In the Euclidean plane, given is a collection of $k$ circular disks $D_1,…,D_k$ of radii $r_1,…, r_k$, supplied with weights $w_1,…,w_k$, assuming that each circle’s center of gravity coincides with the circle’s center (in general, the weights are independent from the radii). If the circles are packed in a circular container $D$ so that the center of gravity of their configuration coincides with the center of the container, then we say that the packing is balanced, and it is called the tightest balanced packing if the radius of the container is the smallest possible. The natural problem is, for a given finite family of weighted circular disks, to determine its tightest balanced packing. Generalizations to other shapes and higher dimensions are natural.
Question 1. Does anyone know of any references on this subject?
Some trivial inequalities. Let $r_b$ denote the minimum "balanced" radius, while $r$ - the minimum packing radius, no weights.

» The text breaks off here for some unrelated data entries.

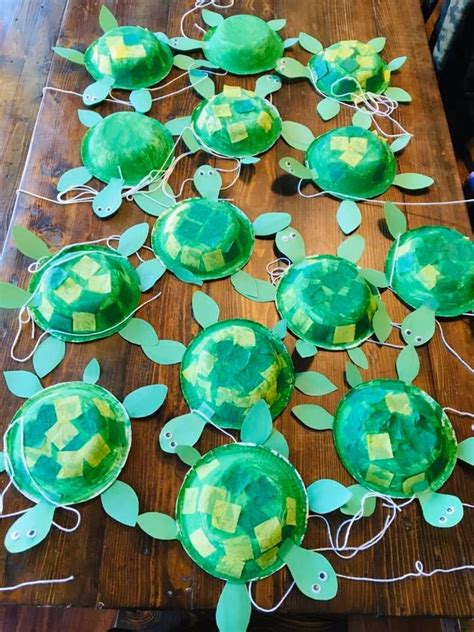 Pet Turtle Paper Craft Turtle Crafts Preschool Crafts Construction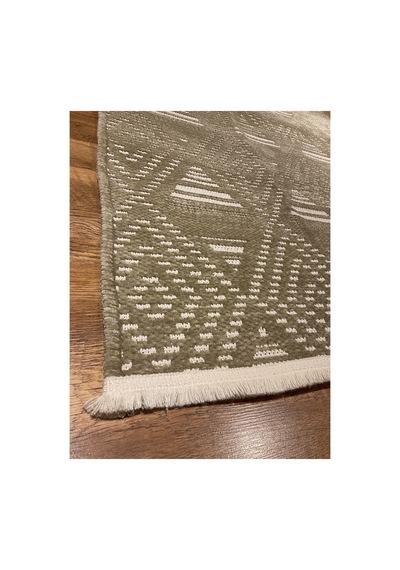 Au003 120x180 Vizon Halı Krem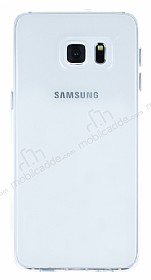 Totu Design Samsung Galaxy S6 Edge Plus effaf Rubber Klf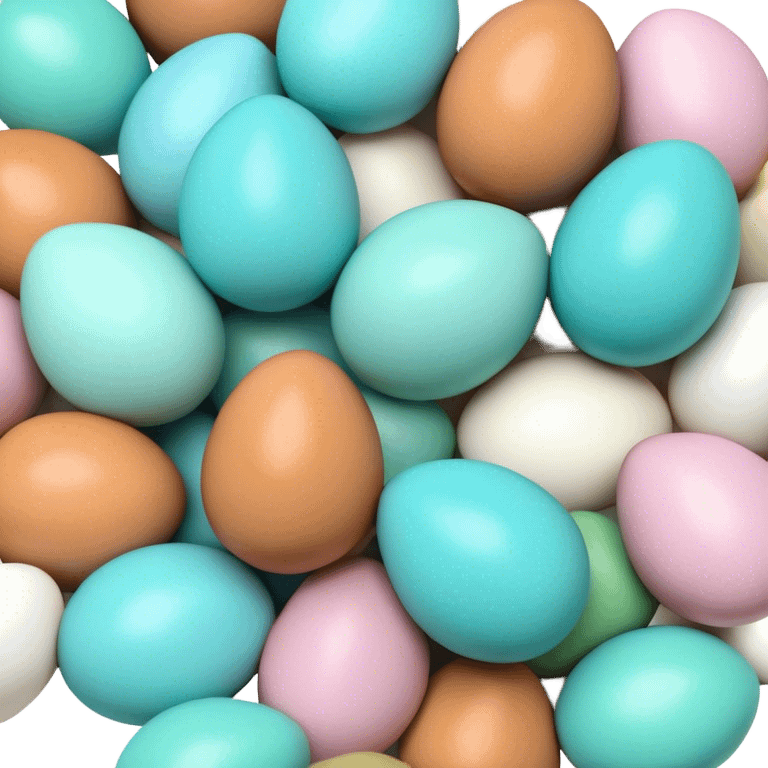 Whopper robins eggs Easter candies  emoji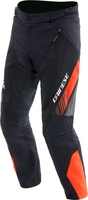 Dainese Drake 2 Air,  textile pants waterproof,  color: Black/Neon-Red,  size: 60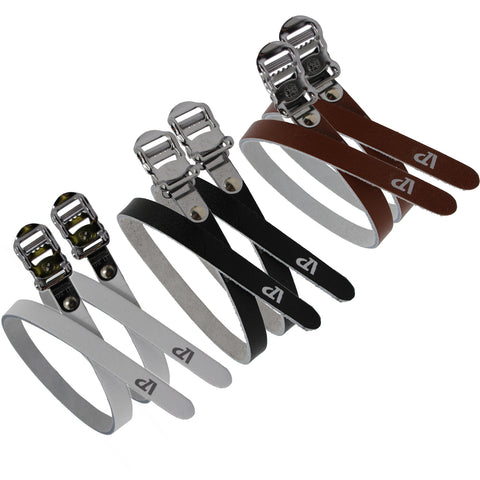 Image of VP Components VP-715 Toe Clip Straps - TheBikesmiths
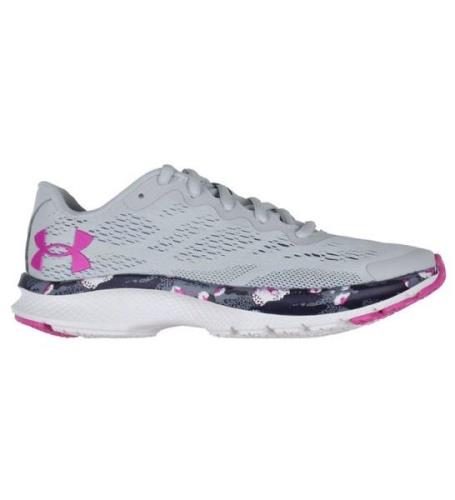 Under Armour Sko - UA GGS Charged Bandit 6 HS - Halo Gray/Hvid/M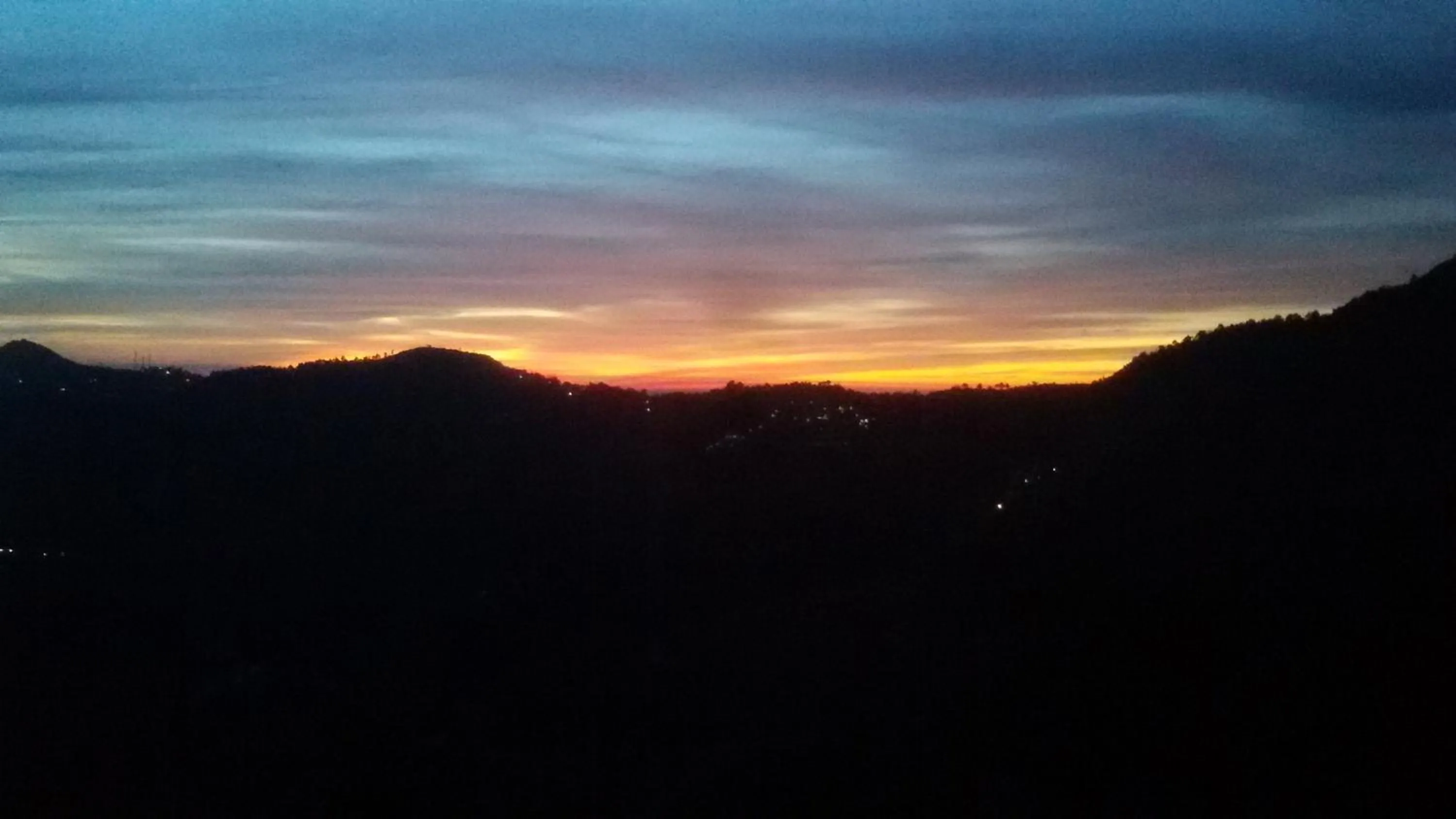 Natural landscape in Woodsmoke Retreat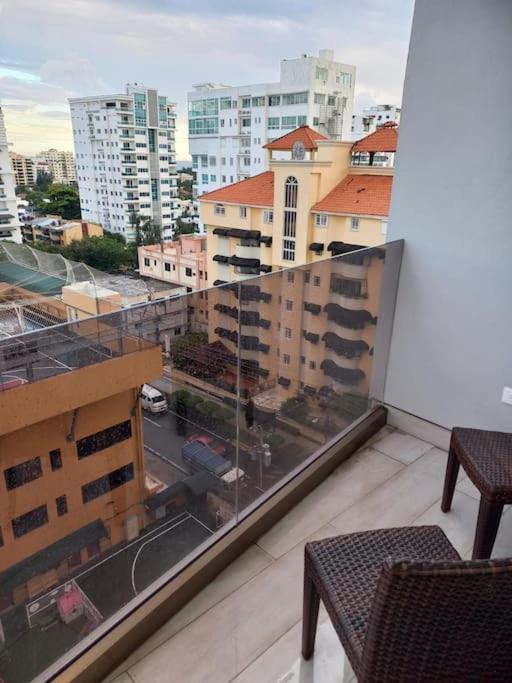 Brickell Hotel Apto G 08 Santo Domingo Bella Vista Bagian luar foto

Obviously, $r\le r_b$. But obviously as well, $r_b\le 2r$. A bit less obviously, $r_b<2r$ while $r_b$ can be arbitrarily close to $2r$.
Question 2. The natural case in which the weight of a disk coincides with its area, resp. volume, is of special interest: how much in this case can the radius of the container for a tightest balanced packing differ from the radius in the tightest packing without the balance requirement? To be more precise: what is the least upper bound on the ratio ${r_b}\over{r}$?